Joan Lindsay Orr

\( \newcommand{\CC}{\mathbb{C}} \newcommand{\NN}{\mathbb{N}} \newcommand{\RR}{\mathbb{R}} \newcommand{\TT}{\mathbb{T}} \newcommand{\ZZ}{\mathbb{Z}} \newcommand{\H}{\mathcal{H}} \newcommand{\e}{\epsilon} \newcommand{\x}{\mathbf{x}} \newcommand{\y}{\mathbf{y}} \)

\( \newcommand{\F}{\mathcal{F}} \newcommand{\ip}[2]{\langle #1 | #2\rangle} \)

Fourier Notes

This page collects some useful results from Fourier Analysis.

Fourier Series

Let \(f\in L^1(0,1)\) be a Riemann integrable function on \([0, 1]\) and define the Fourier coefficients by \[ \hat{f}(n) = \int_0^1 f(x) e^{-2\pi i nx} \,dx \qquad n\in\ZZ \]

Define the \(N\)'th partial sum of the Fourier series for \(f\) to be: \[ S_Nf(x) = \sum_{n=-N}^N \hat{f}(n) e^{2\pi inx} \]

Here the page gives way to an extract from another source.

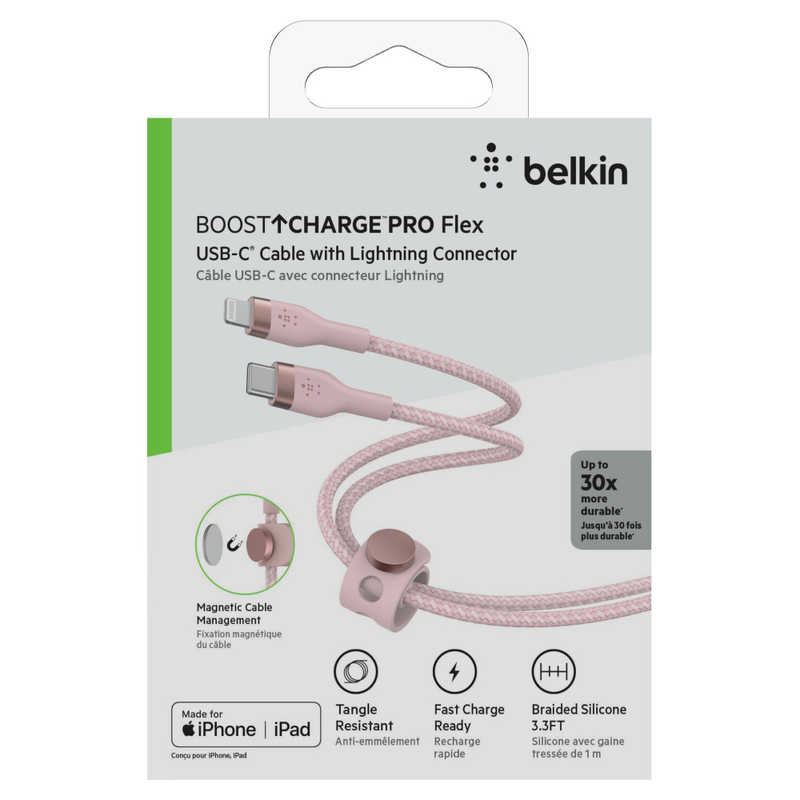 BELKIN BELKIN BOOST↑CHARGE PRO Flexライトニング to USB-Cケーブル 1m ピンク CAA011BT1MPK CAA011BT1MPK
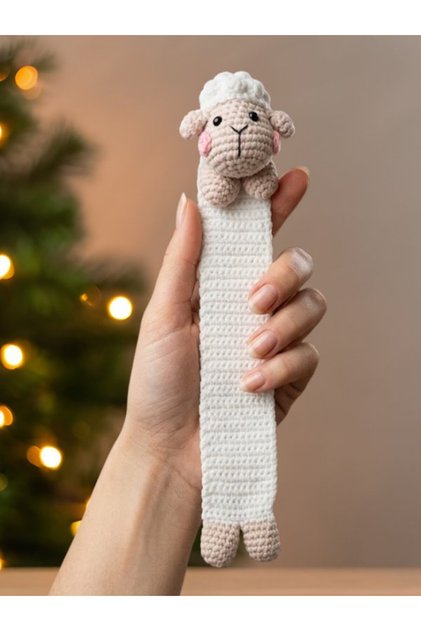 Amigurumi Kuzu Figürlü Pamuklu Kitap Ayracı (Yüksek Kaliteli Malzeme, Detaylı ince işçilik)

Suppose that \(f\) is continuous on \([0,1]\) and \(\hat{f}(n)\) is absolutely summable. Then \(S_Nf(x)\rightarrow f(x)\) uniformly on \([0,1]\).

Suppose \(f\) is Riemann integrable on \([0, 1]\) and \(\hat{f}(n) = O(1/|n|)\).

  1. If \(f\) is continuous at \(x_0\in[0,1]\) then \(S_Nf(x_0)\rightarrow f(x_0)\)
  2. If \(f\) is continuous on \([0,1]\) then \(S_Nf(x)\rightarrow f(x)\) uniformly on \([0,1]\).

The following two results are useful corollaries of the last theorem:

Suppose that \(f\) is Riemann integrable on \([0, 1]\) and \(\hat{f}(n) = O(1/|n|)\). Then whenever \(f(x-)\) and \(f(x+)\) exist, \[ S_Nf(x_0)\rightarrow \frac{f(x+) + f(x-)}{2} \]

Suppose that:

  1. \(f\) is continuously differentiable except at finitely many points in \([0,1]\),
  2. \(f'(x)\) is bounded on the set of points at which it exists.

Then, \(f(x+)\) and \(f(x-)\) exist for every \(x\in[0,1]\) and \[ S_Nf(x) \rightarrow \frac{f(x+) + f(x-)}{2} \] for all \(x\).

(Carleson) Let \(f\in L^p(0, 1)\) for \(1 < p \le \infty\). Then \(S_Nf(x)\) converges pointwise almost everywhere to \(f(x)\).

(Fejér) Define the Fejér sum of \(f\) to be \[ \sigma_Nf(x) = \frac{1}{N+1}\sum_{n=0} ^ N S_nf(x) = \sum_{n=-N}^N \frac{N + 1 - |n|}{N+1} \hat{f}(n) e^{2\pi i nt} \] Then,

  1. If \(f\) is continuous at \(x_0\) then \(\sigma_Nf(x_0) \rightarrow f(x_0)\), and
  2. If \(f\) is continuous on \([0,1]\) then \(\sigma_Nf(x) \rightarrow f(x)\) uniformly on \([0,1]\).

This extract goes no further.